WHAT IS REQUIRED – Go through the records below from the first line and print each one exactly, stopping after the line that contains "Diabetic Foot Shoes". Do not print pictures or anything past that line.

THE INPUT –
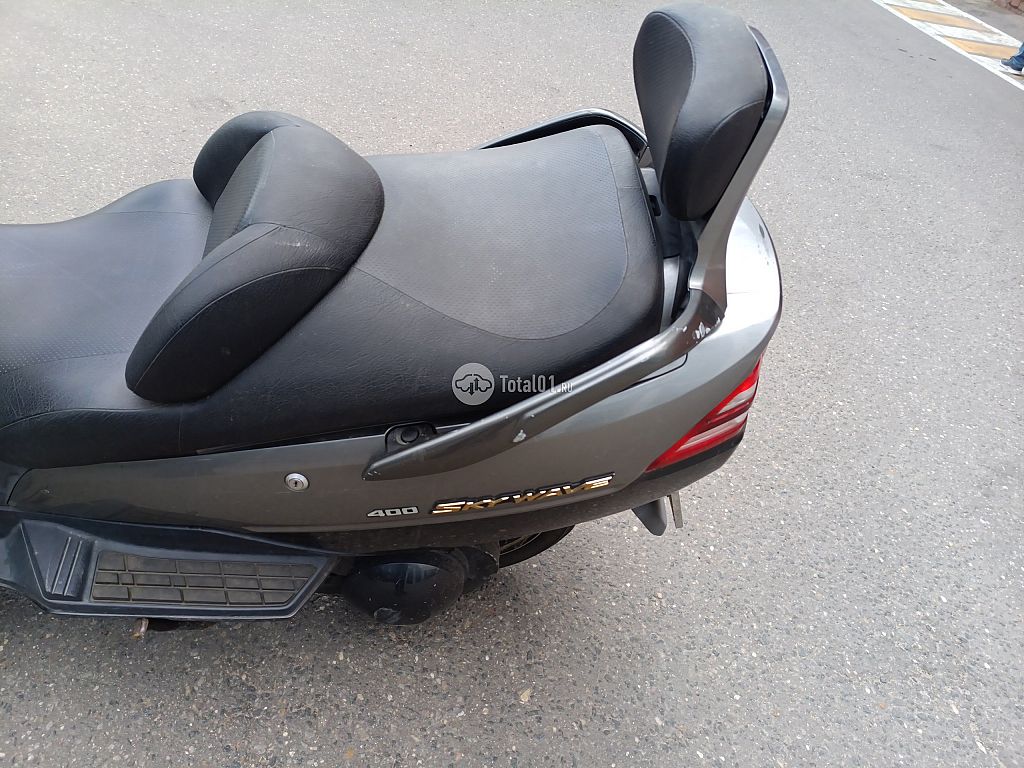 Фото Suzuki Другая 44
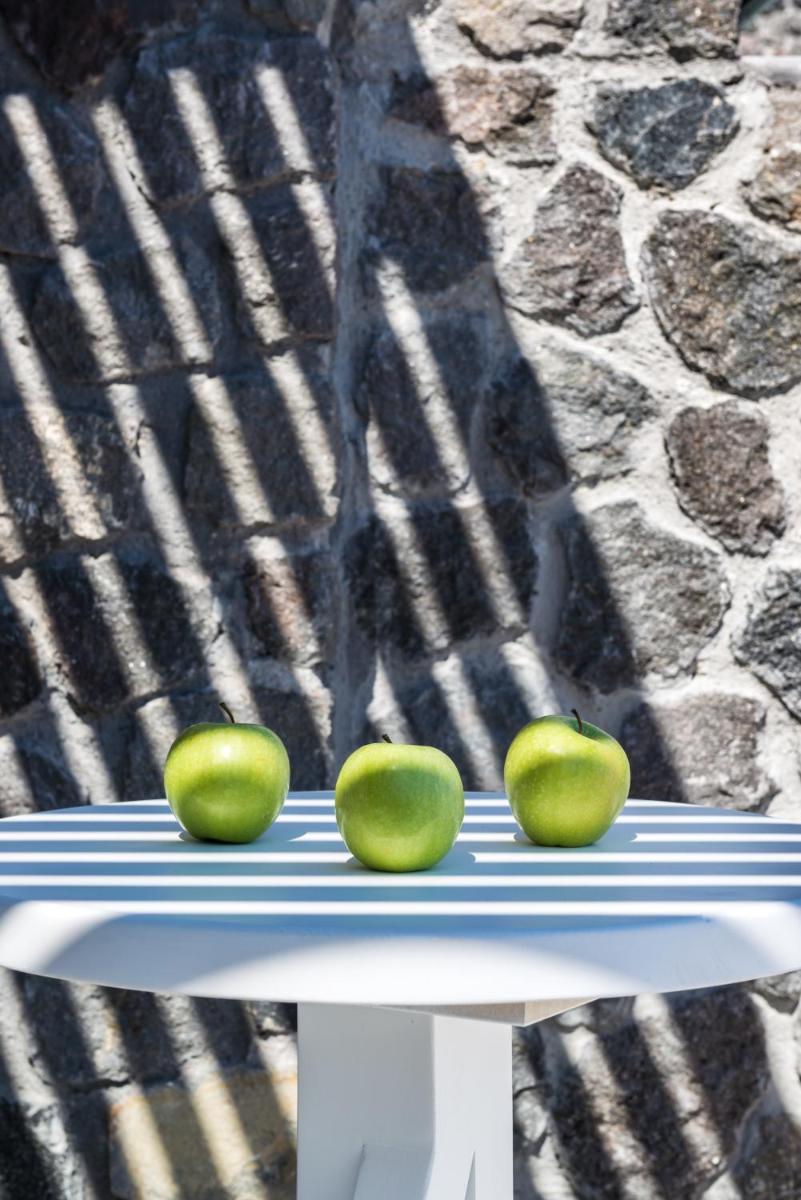 Elements of Caldera Suites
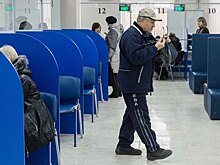Жители Люберец жалуются на очереди в местном пенсионном фонде. Но меньше они не становятся
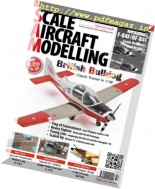 Scale Aircraft Modelling – October 2016
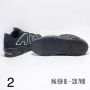 Иновативен дизайн, безкомпромисно качество: Мъжки спортни обувки с въздушна камера и висока подметка, снимка 4
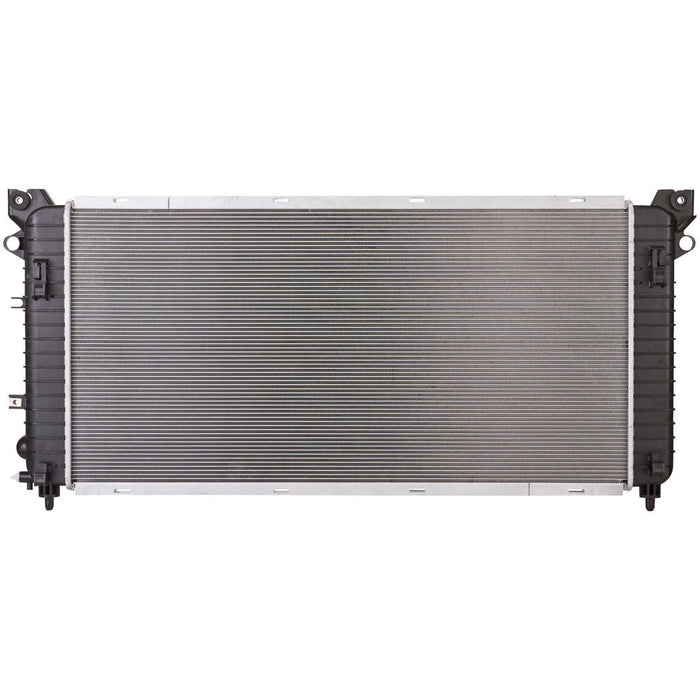 CU13397 Spectra Automotive Radiator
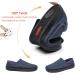 Diabetic Foot Shoes for Swollen Feet | Hallux Valgus & Gout Edema | Comfortable Men's Size 11.5 - Buy Online on GoSupps.com
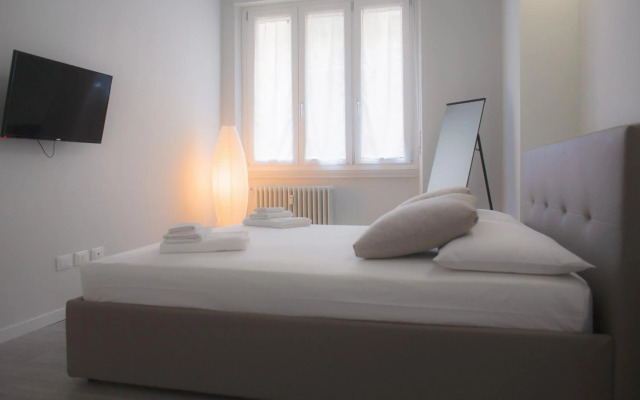 Aquileia - Bilocale a due passi da Navigli e Museo Scienza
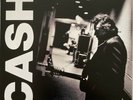Johnny Cash - American III - Solitary Man LP - 180 Gram Vinyl Album - NEW RECORD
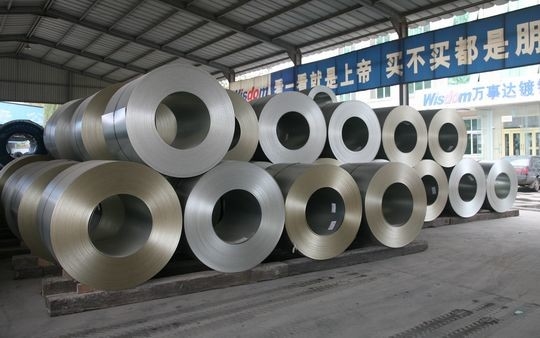 316 409 hanno laminato a freddo lo strato di acciaio inossidabile nella norma della bobina AISI ASTM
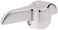 Danco 80026 ViseGrip TubShower Diverter Handle
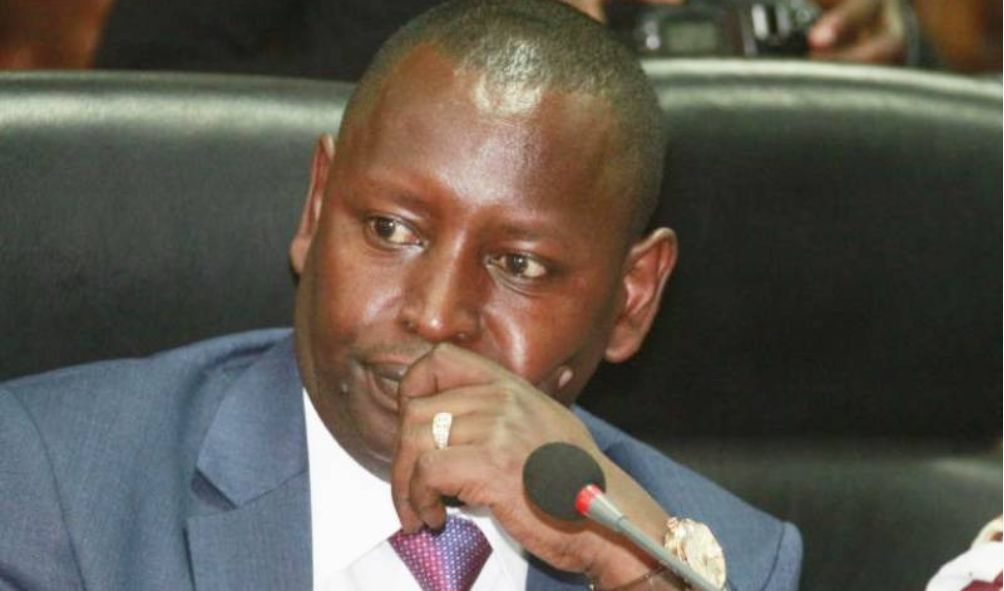 EACC to seize multi-million property belonging to former governor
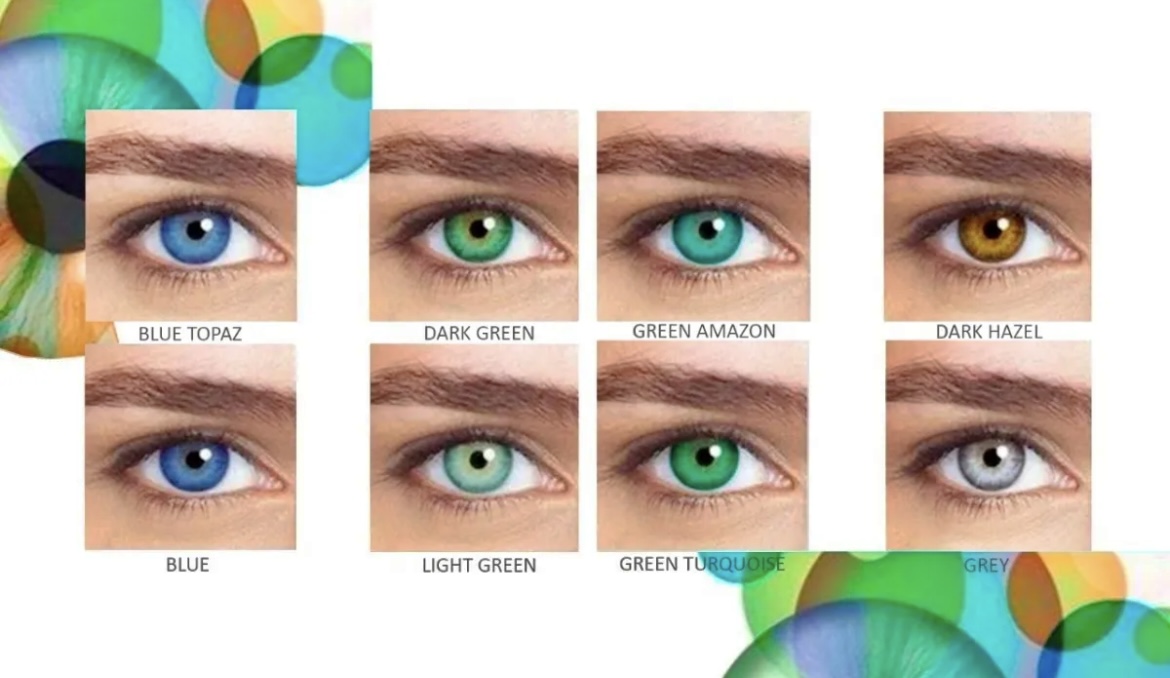 OPTIMA NATURAL LOOK Com Grau (Detalhe 129)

TASK RESULT –
 Фото Suzuki Другая 44
 Elements of Caldera Suites
Жители Люберец жалуются на очереди в местном пенсионном фонде. Но меньше они не становятся
 Scale Aircraft Modelling – October 2016
 Иновативен дизайн, безкомпромисно качество: Мъжки спортни обувки с въздушна камера и висока подметка, снимка 4
 CU13397 Spectra Automotive Radiator
 Diabetic Foot Shoes for Swollen Feet | Hallux Valgus & Gout Edema | Comfortable Men's Size 11.5 - Buy Online on GoSupps.com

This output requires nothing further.